Postseason success isn’t rocket science

The blueprint exists and surely the Redskins have noticed. All they need to do is follow what the teams who won their first-round playoff games have done, in some cases, for years.

Of course, they also could follow Seattle and win their division with a losing record only to earn a home playoff game. But considering four teams in the NFC East have won at least 10 games in the past two years, that's not going to happen.

But here's what the Redskins can learn from this past weekend:

Draft well

Green Bay is alive despite having 15 players on injured reserve. Why? Depth. The Redskins suffer injuries and lose 10 games; the Packers reach the second round, with a real chance of advancing. Credit quarterback Aaron Rodgers, one of the NFL's best, but also quality draft picks that have turned their defense into one of the best as well.

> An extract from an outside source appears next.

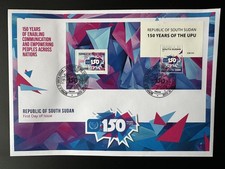 Sud-Soudan South Sudan 2025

The Packers, who drafted 51 players the past five years, start 15 former draft picks and another player signed as an undrafted free agent.

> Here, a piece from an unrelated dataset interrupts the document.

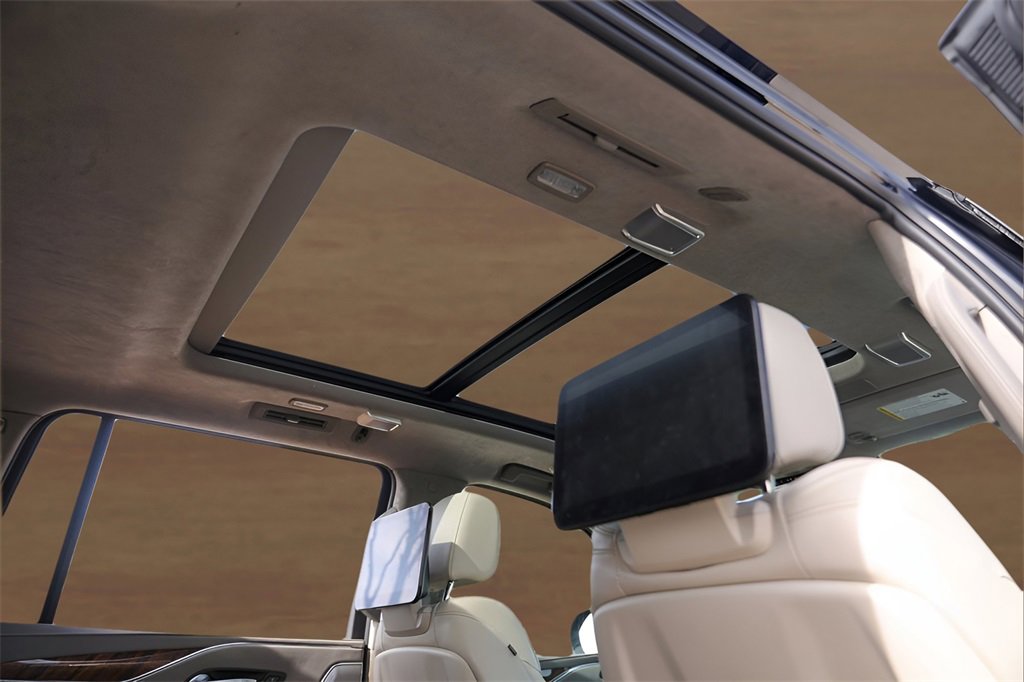 Certified 2024 Cadillac Escalade ESV Sport Platinum w/ LPO, Floor Liner Package image 35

The Jets, incidentally have 15 such players, as does Baltimore.

Meanwhile, the Redskins picked 33 players the past five years; 17 remain in the organization (on the roster, practice squad or injured reserve) and only six were considered full-time starters. Yes, it's a different regime save for last year's draft. Coach Mike Shanahan's first draft in Washington produced one starter, but six of the seven picks came in the fourth round or later so it can't be accurately judged for a couple years.

Find balance

New York survived a shaky outing by quarterback Mark Sanchez because it ran the ball well and relied on an elite defense. Baltimore won thanks to its defense and a quarterback in Joe Flacco able to make plays because of his mobility. Green Bay has Rodgers, but its defense and a surprising rushing attack fueled its win. One area struggles; other areas compensate.

Each team has a strong side of the ball to rely upon; the Redskins do not. Their defense remains in transition to a 3-4; the offense is unsettled at quarterback and running back. Washington is several players away on both sides of the ball from finding such balance.

Elite defenses

Five of the last eight teams remaining use a 3-4 defense, including all four in the AFC. The Ravens clearly won because of defensive pressure, forcing three third-quarter turnovers. By the end, Kansas City quarterback Matt Cassel looked skittish even when there wasn't any pressure, a result of getting hit often.

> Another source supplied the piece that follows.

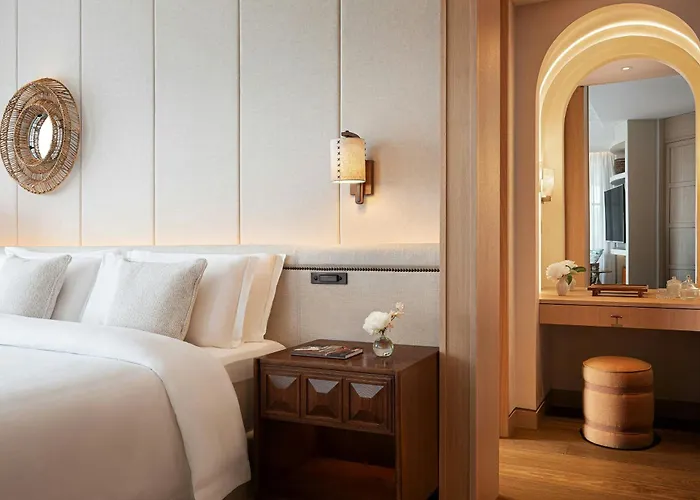 The St. Regis Mardavall Mallorca Resort Palmanova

And seven of the eight remaining teams are top 10 in points allowed. Washington was 21st.

Big receivers

Two plays stood out this weekend: a touchdown pass in the back of the end zone to 6-foot-1 Anquan Boldin, in which Flacco only needed to throw it high and let his athletic big guy make a play; and Sanchez's late pass to 6-foot-3 Braylon Edwards vs. 5-foot-10 Jacob Lacey.

Roydell Williams is Washington's big target, but caught just 12 passes for 173 yards. He doesn't threaten any defense. The Redskins have speed at receiver but they need size.